| TASK ITEM |
Verbatim copy, images omitted: return the full listing.

| DATASET SECTION |
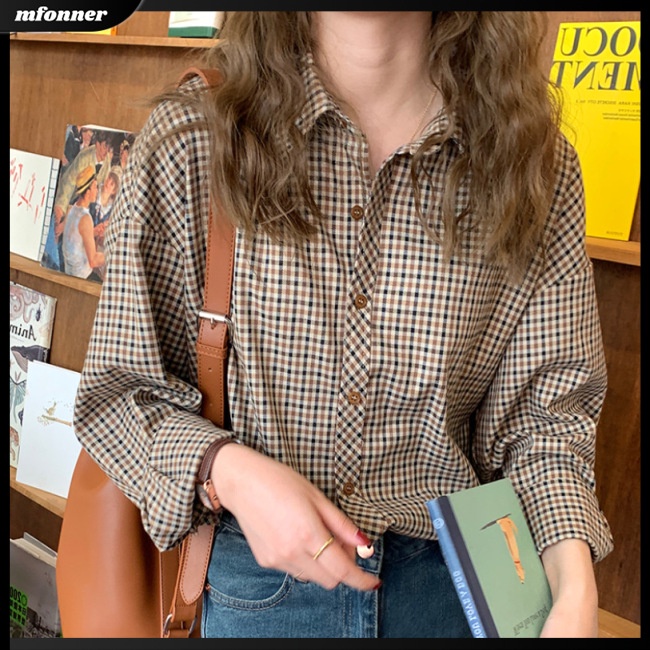 Áo Sơ Mi Dài Tay Dáng Rộng Hoa Văn Kẻ Ô Phong Cách Retro Dành Cho Nữ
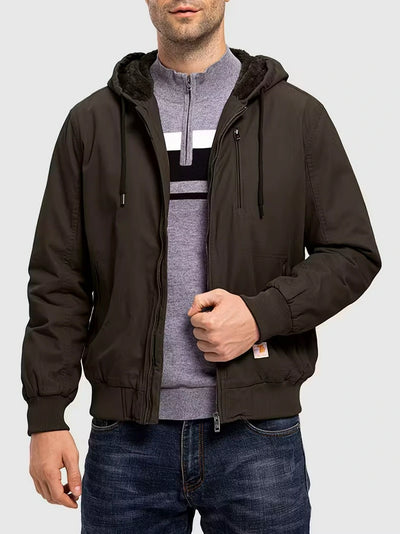 Herren Kordelzug Kapuze Jacke mit Taschen und Reißverschluss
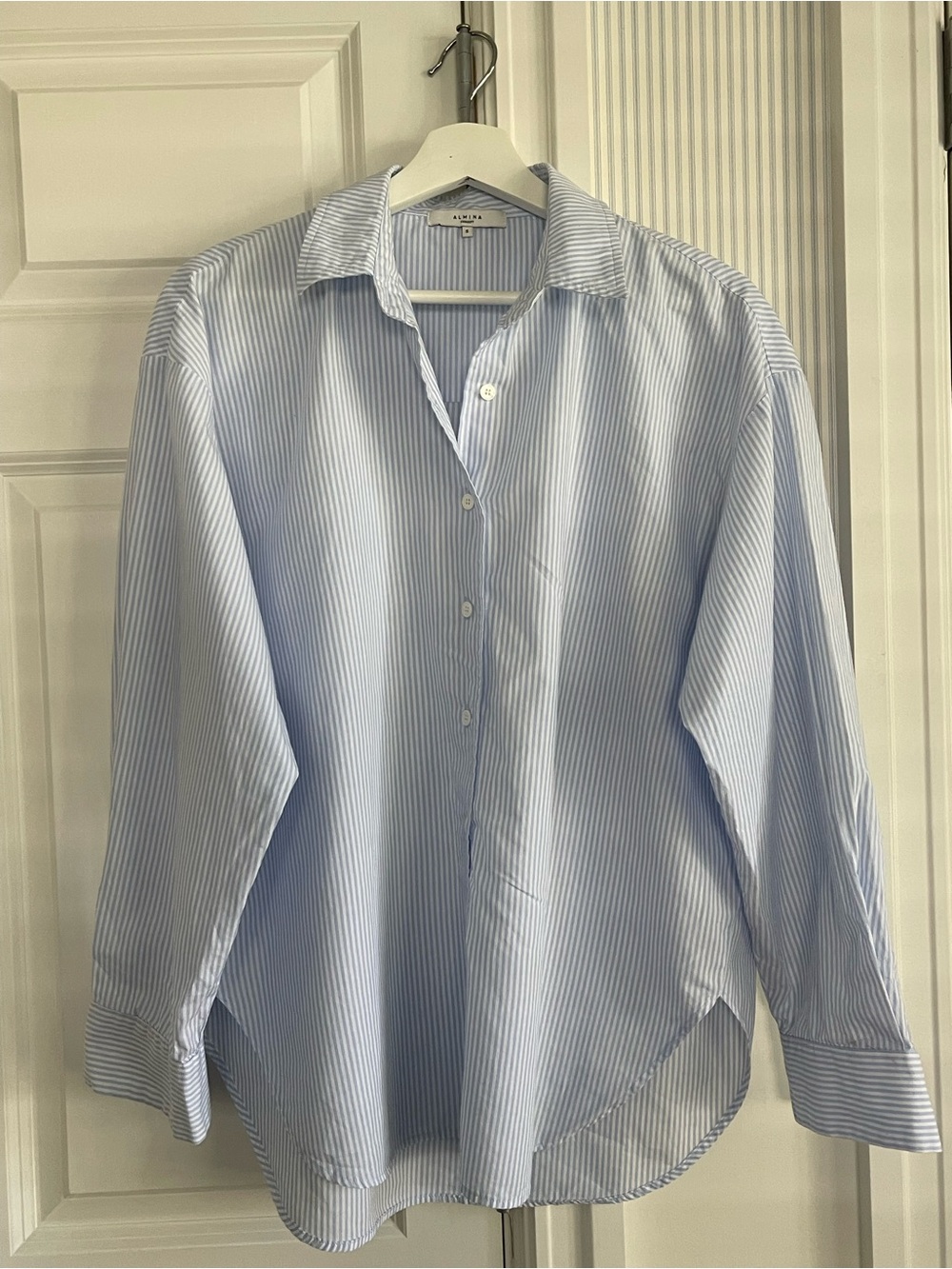 Almia Light Blue Striped Casual Oversized Button-Down Shirt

| SOLUTION TO THIS EXERCISE |
 Áo Sơ Mi Dài Tay Dáng Rộng Hoa Văn Kẻ Ô Phong Cách Retro Dành Cho Nữ
 Herren Kordelzug Kapuze Jacke mit Taschen und Reißverschluss
 Almia Light Blue Striped Casual Oversized Button-Down Shirt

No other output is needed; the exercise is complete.